Kidney Disease Symptom in Dog

Recognizing kidney disease symptoms in dogs can mean the difference between a really sick dog and one that will recover.

It's important to stay informed and with one in five adult dogs being afflicted with some sort of kidney problem it is something you should know about.

Due to the nature of the kidneys, the most common and early symptoms that indicate some sort of underlying kidney issue is excessive urination.

A dog with kidney disease symptoms might produce excessive amounts of urine, which tends to be dilute due to the kidneys being unable to fulfill their function of filtering out toxins from the bloodstream.

Instead of being expelled from the dog's body in the form of waste, these toxins instead contaminate the rest of the body, causing the condition to escalate until other, more obvious symptoms begin to manifest.

This kind of illness is the second leading cause of death in canines after dog cancer, so it's imperative that the signs are recognized and the issue is dealt with early on.

For the most part, a dog kidney disease symptom in dogs will be caused by some other kind of illness.

Usually this underlying illness will merely be a result of the dog's age—After all, most of the dogs that suffer from this type of issue are very old. When a kidney dog disease like this is caused by some other root cause, the condition is known as chronic renal failure.

This being the most common form of kidney failure in canines, it tends to result in just about each well-known kidney disease symptom in dog breeds. As of yet, due to the nature and cause of this type of dog disease, there aren't very many specific measures that can be taken in order to ensure that it doesn't crop up in your dog.

Another main type of kidney disease in dogs—One that's a bit easier to prevent—Is acute renal failure.

This is pretty similar to chronic renal failure for the most part, with the exception of its root causes; acute renal failure is usually the result of the dog ingesting some kind of toxic chemical or toxic foods.

Various forms of rat poison are often the culprit, and antifreeze has been known to induce this disease too.

The symptoms for this type of illness are mostly the same as in chronic renal failure, but often a dog that has acute renal failure will suffer from the inability to produce urine at all rather than producing it in mass quantities.

Unlike chronic renal failure, preventing this from affecting your dog is usually just a matter of making sure the pet stays away from potentially deadly chemicals.

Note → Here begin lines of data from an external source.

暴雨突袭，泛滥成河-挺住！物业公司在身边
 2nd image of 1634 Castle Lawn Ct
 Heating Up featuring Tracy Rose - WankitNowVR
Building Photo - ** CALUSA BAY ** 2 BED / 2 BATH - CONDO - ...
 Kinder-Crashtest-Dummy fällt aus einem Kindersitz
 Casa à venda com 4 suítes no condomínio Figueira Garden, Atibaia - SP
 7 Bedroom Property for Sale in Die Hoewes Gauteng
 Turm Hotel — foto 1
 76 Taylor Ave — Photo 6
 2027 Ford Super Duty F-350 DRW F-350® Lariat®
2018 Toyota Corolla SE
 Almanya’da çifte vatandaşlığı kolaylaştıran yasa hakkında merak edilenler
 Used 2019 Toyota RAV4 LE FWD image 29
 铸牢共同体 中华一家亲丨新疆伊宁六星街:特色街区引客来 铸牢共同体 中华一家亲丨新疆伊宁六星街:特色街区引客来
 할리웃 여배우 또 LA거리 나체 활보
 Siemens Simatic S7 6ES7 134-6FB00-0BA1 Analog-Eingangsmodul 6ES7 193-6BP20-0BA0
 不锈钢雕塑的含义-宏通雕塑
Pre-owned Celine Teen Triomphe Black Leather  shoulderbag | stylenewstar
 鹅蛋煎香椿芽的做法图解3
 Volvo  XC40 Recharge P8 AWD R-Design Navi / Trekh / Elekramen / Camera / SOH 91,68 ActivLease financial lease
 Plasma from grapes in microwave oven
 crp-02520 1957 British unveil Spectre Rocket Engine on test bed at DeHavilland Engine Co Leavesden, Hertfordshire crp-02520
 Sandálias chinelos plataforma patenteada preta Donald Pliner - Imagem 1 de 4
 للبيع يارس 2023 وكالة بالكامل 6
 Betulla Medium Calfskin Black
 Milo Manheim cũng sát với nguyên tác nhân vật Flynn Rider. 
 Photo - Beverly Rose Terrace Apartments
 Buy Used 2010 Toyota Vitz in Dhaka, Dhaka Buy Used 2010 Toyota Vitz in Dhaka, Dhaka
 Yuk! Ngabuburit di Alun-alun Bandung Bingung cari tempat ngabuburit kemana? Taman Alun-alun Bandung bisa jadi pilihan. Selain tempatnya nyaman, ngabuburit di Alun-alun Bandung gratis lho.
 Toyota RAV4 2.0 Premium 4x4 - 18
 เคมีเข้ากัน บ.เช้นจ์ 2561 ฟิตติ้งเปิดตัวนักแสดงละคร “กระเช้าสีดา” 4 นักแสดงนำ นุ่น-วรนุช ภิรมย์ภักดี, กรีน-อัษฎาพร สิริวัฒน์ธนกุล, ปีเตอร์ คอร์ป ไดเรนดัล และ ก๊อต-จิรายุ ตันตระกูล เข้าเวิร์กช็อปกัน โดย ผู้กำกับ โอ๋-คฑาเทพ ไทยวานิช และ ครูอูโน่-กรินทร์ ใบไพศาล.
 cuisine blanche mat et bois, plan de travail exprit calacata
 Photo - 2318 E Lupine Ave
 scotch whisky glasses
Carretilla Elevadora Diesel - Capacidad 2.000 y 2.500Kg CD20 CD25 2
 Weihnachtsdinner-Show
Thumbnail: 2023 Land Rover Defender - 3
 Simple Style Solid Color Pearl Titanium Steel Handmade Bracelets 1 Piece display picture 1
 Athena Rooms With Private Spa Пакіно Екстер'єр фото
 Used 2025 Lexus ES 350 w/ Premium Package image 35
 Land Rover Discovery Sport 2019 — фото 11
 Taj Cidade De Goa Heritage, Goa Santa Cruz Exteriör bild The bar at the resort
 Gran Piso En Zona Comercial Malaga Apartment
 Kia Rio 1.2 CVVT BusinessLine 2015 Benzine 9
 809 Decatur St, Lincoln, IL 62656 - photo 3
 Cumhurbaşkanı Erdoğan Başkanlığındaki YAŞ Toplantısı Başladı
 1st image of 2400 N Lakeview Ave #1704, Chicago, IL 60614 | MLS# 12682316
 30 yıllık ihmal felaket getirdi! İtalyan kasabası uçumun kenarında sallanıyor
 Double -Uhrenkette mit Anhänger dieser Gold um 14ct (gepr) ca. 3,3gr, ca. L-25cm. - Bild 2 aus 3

Aside from producing too much (or no) urine, another kidney disease symptom in dog breeds is a very bizarre gait and posture due to large amounts of pain in the kidneys.

This is one of the symptoms that appears after the diseases are in their more advanced stages and is a sign that the trouble is serious.

Luckily, there are various forms of dog first aid available to help pets with failing kidneys, and it can often also help to regulate their diet so as to reduce the amount of contamination to the blood.